Today in Seven Questions, we talk to Cameron Dezen Hammon, whose debut memoir This Is My Body: A Memoir of Romantic and Religious Obsession was recently released by Lookout Books. Kirkus calls it “a generous and unflinchingly brave memoir about faith, feminism, and freedom,” and the Millions adds, “Hammon explores motherhood, her relationship with her husband, her infidelity, and her growing sense of her own feminism. Her strikingly contemporary reflections about her treatment in conservative churches . . . make her story a salient one for this particular moment, in the wake of the #MeToo Movement.”
Hammon’s writing appears in The Kiss anthology from W. W. Norton, Catapult, Ecotone, the Houston Chronicle, the Literary Review, NYLON, and elsewhere; and her essay “Infirmary Music” was noted in The Best American Essays 2017. She earned an MFA in creative writing from Seattle Pacific University and is currently a writer-in-residence for Writers in the Schools in Houston.

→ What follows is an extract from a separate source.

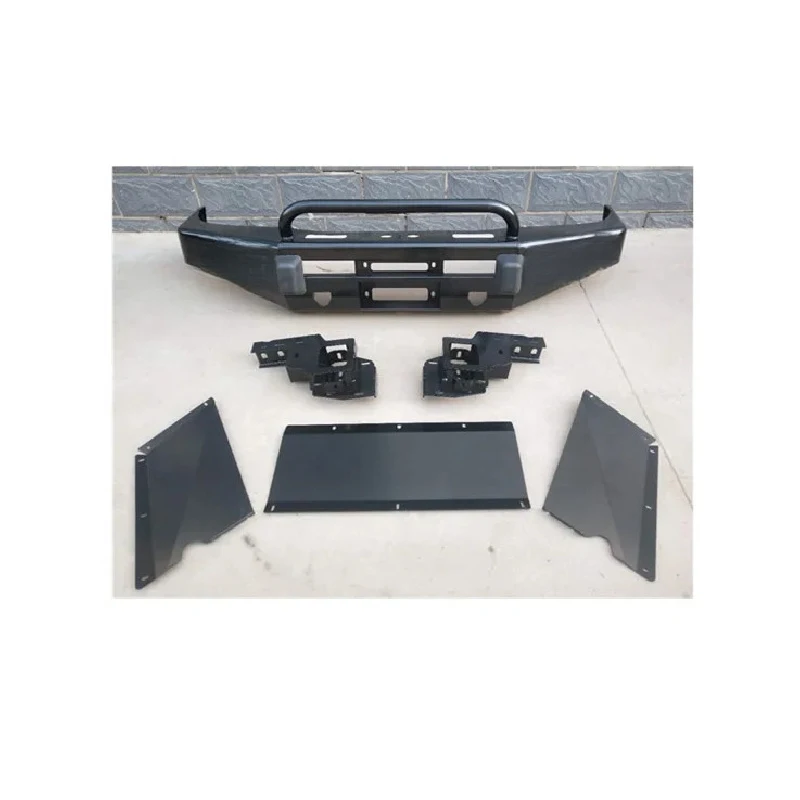 

Car Steel Bumper Guard 4x4 Exterior Offroad Accessories for FJ105 Front Bumper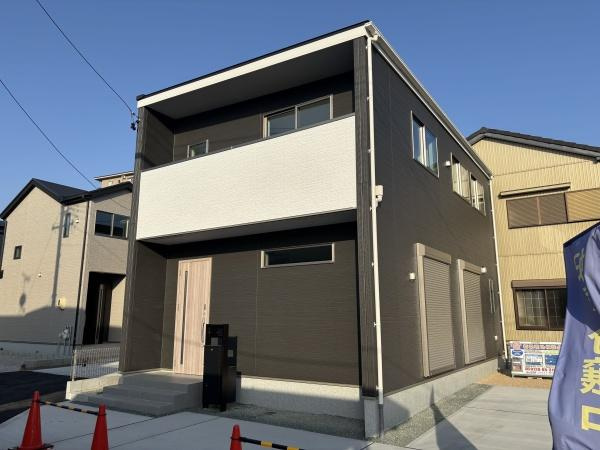 豊川堺町2丁目第1期　全4棟・3号棟の外観|外観写真です。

Why was it important to publish this book now? How do you hope This Is My Body will enrich the conversation, especially around #metoo and #churchtoo?
I think women who have experienced sexual assault and harassment in a church context are hungry for stories that speak directly to their experience. There’s something particularly egregious about someone using spiritual authority to harm, and we need to talk about this.